We tried to use a hardwood stick to clean it up the front side; absolutely no success. The calcification would not budge and no solvents, oils, etc. would touch it. I called Torry Krutzke about this and he said that he found a similar situation with a coal fired K-27 locomotive that he repaired for a customer. He suggested that we stand the loco in a bucket, with foam in the bottom, on the cab end and put ACF 50 anticorrosion in the front of the cylinders and let the loco stand at least overnight. ACF 50 is an aircraft corrosion inhibiter/neutralizer that can be purchased in a spray can. Torry said it could be ordered in our area from "Pilot's HQ."
After sitting for a day or so soaking the front end of the cylinders we were easily able to remove the "white crap" from the front side with a small dowel and a popsicle stick. We then used the dowel and a small hammer to lightly tap the pistons from the front end of the cylinders, first one side then the other, and low and behold they broke free. Turning the wheels revealed that there were stiff spots when the pistons tried to approach the rear of the cylinders and the wheels would not fully turn over; another call to Torry.

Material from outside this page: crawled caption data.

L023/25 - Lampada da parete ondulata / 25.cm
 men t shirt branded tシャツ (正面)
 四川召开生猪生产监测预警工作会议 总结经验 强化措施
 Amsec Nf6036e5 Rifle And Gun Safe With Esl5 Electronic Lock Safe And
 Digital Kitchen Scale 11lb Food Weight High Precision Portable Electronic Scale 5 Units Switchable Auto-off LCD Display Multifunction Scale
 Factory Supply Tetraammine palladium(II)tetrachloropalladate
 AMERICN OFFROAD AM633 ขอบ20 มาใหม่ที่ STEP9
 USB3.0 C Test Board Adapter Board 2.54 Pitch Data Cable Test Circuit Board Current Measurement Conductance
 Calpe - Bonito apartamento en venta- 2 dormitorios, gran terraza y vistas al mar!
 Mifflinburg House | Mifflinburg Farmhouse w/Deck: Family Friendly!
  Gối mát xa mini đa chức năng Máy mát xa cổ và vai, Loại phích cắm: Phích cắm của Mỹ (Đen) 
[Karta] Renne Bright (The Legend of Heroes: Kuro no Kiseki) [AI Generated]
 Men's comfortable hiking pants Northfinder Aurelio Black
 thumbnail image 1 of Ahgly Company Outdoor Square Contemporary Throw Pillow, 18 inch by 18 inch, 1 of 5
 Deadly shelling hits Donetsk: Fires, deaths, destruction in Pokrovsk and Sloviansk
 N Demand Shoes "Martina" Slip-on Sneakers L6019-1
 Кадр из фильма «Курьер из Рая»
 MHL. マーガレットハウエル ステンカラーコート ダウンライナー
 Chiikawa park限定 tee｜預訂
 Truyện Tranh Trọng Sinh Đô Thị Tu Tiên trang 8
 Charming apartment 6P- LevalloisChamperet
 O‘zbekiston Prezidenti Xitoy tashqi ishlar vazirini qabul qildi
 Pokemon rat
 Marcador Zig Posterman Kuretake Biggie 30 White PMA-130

The rear of the cylinders were then treated with the ACF-50, following Torry’s advice, by disconnecting the steam line from the throttle and, with the lubricator valve shut off, using the aerosol can and the application straw to force ACF-50 down the steam line to the cylinders. This needed, according to Torry, to be done with the johnson bar in forward or reverse, not neutral, and while spraying the ACF-50 down the steam line turning, rocking, the drive wheels forwards and backwards with the cylinder drains open. This allowed the cylinders to suck the fluid into the rear cylinder spaces and the steam chests. Again, afterwards, we stood the loco on its end, this time the front and let it sit.
The next day we returned to the project. Rocking the wheels back and forth we were able to get them to turn completely around. Attaching the front cylinder covers, we then, using a small syringe and a piece of silicone tubing attaching it to the steam line at the throttle, flooded the cylinders with 30 weight oil as we turned the wheels. With things fairly freed up and supporting the loco with wood blocks front and back and the throttle reconnected we ran it on air from a compressor. Low and behold, after about 5-10 minutes and a lot of oil with some crud ejected up the stack from the exhaust the loco ran as smooth as ever.
We really want to thank Torry or all the advice and support. Especially the tip he gave us about ACF-50. That stuff really worked.